3 Exploring for oil and gas

3.1 Detection, exploration and evaluation

It would be prohibitively expensive to explore for oil and gas on a random basis, and most of the effort would be wasted. When geological knowledge was far more limited than it is today, most of the discoveries were beneath quite obvious signs of petroleum seepage at the surface. Eventually, such easy targets ran out, although some are still being discovered. The key ingredients for petroleum accumulation which we have discussed in this unit were gleaned from the knowledge gained by drilling such targets and examining the geology around them. As more has been learned, increasingly sophisticated methods have been developed that increase the odds of making a discovery in less obvious situations. This section covers some of those methods and describes how an exploration well is drilled and evaluated.

3.1.1 Surface detection methods

Field mapping is a well established technique that has contributed to the discovery of billions of barrels of petroleum. In the pioneering era of onshore exploration the search for anticlinal structures at shallow, drillable depths usually began with the recognition of an overlying part of such a structure at the surface. These days, with ready access to various forms of subsurface data, field mapping is more commonly used to assess the structural style of a basin and to provide analogues for concealed reservoirs or source rocks. Far from being an outdated technique, modern fieldwork is becoming increasingly sophisticated as digital data collection is underpinned by Global Positioning Systems (GPS), satellite imagery and digital terrain models. In Norway's Lofoten Islands a detailed analysis of onshore fault and other structural patterns is being extrapolated offshore in order to calibrate three-dimensional (3-D) seismic data in unexplored portions of the Norwegian continental shelf.

3.1.2 Remote sensing methods

Remote sensing involves gathering information of many kinds at a distance from the object of investigation: it gives a regional picture and helps sort the likely areas to follow up from those much larger areas that are less favourable. Satellite, gravity and magnetic methods (see below) are commonly used during the early phase of exploration when a sedimentary basin, or at least a substantial part of it, is not known in sufficient detail to deploy more expensive methods. Their interpretation is simple and can be done relatively cheaply in the office. Satellite images take the form of spectral data over a wide range of wavelengths, from the visible through infrared to microwave (radar). They can sometimes detect unknown petroleum seepages. On land, the presence of a seep is often associated with a change in vegetation or soil colour, especially if the seep is of crude oil, whilst in the offshore setting rising gas bubbles may draw deep water to the surface, giving a cool thermal image. Alternatively, satellites can provide photographic imagery with an extraordinarily good resolution, sufficient to map rock exposures, analyse topography, and to locate roads, habitations and so on.

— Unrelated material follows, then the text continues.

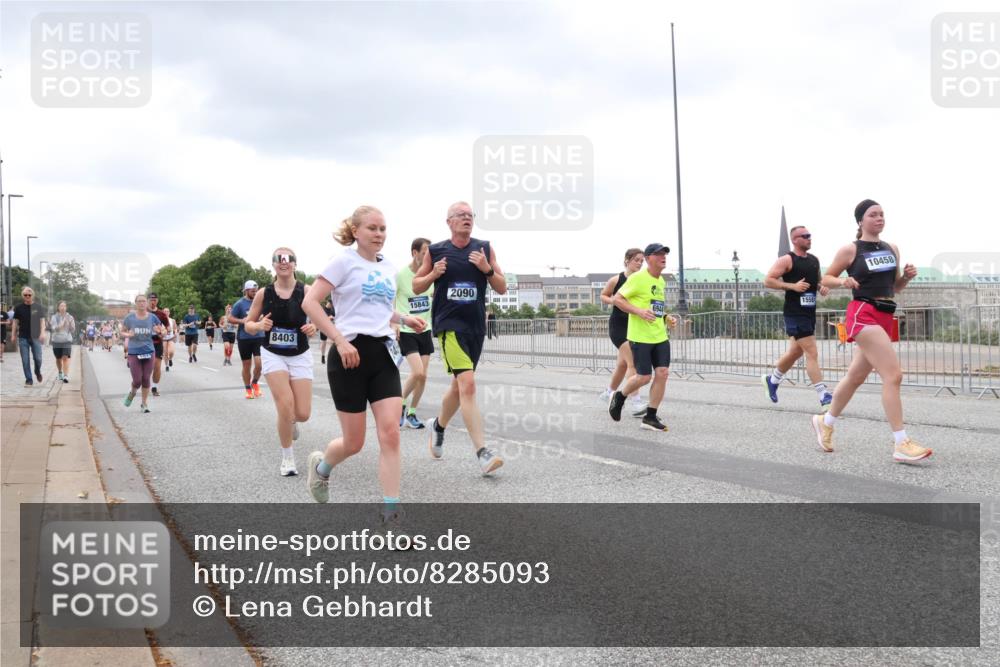 29.06.2025 - hella hamburg halbmarathon Lena Gebhardt http://msf.ph/oto/8285093 29.06.2025 10:55:18 Lombardsbrücke 8403, 15843, 2090, 6944, 15581, 10458, 1013, 1616, 1873, 1917, 2090, 2452, 3002, 3115, 3157, 3274, 3577, 4039, 4191, 4192, 4628, 5040, 5392, 5483, 5487, 5727, 6395, 6396, 6839, 6944, 7219, 7238, 7548, 7680, 7766, 8403, 8519, 8626, 9596, 9614, 9618, 9857, 9858, 10109, 10458, 10559, 10686, 10885, 11109, 11737, 11788, 11908, 12147, 12148, 12240, 12902, 13098, 13230, 13548, 13944, 13945, 13979, 13980, 14515, 14727, 15152, 15160, 16385 meine-sportfotos.de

Gravity surveys are often used to analyse sedimentary basins at the regional scale. Because sedimentary rocks usually have a lower density than crystalline rocks, thick sequences of relatively low-density sediments effectively reduce the Earth's gravitational force and they are characterised by regional gravity lows. Gravity data may be collected on land, at sea or by air and they are particularly useful in areas of difficult terrain, such as jungles and deserts, where access is difficult. Regional airborne magnetic surveys can also be used to define the shape and gross structure of a basin and they are often acquired in tandem with gravity surveys. Magnetic rocks cause perturbations in the Earth's magnetic field, whereas non-magnetic rocks have little effect. Sediments are typically poorly magnetic because they do not contain large amounts of iron-rich minerals, whereas igneous rocks such as volcanic lavas often do. So sedimentary basins characteristically have a low, uniform magnetic signature that contrasts markedly with the highly variable magnetic anomalies associated with metamorphic basement rocks and near-surface volcanic intrusions. Where faults juxtapose rocks with different magnetic properties at depth, the faults show up as distinctive linear features.